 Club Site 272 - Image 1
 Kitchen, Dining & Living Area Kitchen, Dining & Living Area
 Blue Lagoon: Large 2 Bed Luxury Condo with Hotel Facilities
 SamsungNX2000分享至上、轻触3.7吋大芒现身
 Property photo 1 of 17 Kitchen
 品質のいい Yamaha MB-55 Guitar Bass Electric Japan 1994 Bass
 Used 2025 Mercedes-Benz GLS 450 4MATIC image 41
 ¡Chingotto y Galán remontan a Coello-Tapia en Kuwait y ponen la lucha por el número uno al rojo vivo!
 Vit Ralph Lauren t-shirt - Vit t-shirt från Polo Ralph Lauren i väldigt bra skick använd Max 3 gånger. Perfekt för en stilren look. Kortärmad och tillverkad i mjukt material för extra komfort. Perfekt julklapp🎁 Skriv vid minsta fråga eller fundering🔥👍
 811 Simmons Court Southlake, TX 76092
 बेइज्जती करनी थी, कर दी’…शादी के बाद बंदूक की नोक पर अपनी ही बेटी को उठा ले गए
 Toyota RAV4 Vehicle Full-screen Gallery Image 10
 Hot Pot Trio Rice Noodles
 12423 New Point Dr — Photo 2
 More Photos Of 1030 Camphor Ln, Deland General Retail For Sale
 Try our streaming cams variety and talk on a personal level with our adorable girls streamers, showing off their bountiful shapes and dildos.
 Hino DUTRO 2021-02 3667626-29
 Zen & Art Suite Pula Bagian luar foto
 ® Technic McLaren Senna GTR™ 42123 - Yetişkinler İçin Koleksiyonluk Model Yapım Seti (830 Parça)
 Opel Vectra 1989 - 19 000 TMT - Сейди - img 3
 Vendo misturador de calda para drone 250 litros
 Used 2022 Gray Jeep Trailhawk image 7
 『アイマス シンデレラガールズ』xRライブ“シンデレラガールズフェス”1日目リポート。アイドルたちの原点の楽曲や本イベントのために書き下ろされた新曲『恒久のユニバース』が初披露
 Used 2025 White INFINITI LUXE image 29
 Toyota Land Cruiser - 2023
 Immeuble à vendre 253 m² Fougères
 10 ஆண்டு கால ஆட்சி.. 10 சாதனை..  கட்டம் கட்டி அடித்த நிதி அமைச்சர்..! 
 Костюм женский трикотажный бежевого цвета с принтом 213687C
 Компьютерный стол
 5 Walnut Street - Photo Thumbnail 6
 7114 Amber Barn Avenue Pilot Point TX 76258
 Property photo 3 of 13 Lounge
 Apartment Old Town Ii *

## PROBLEM REQUIREMENTS
Only lines holding the word "with" are wanted; copy each one from the listing.

## TASK RESULT
 Blue Lagoon: Large 2 Bed Luxury Condo with Hotel Facilities
 Try our streaming cams variety and talk on a personal level with our adorable girls streamers, showing off their bountiful shapes and dildos.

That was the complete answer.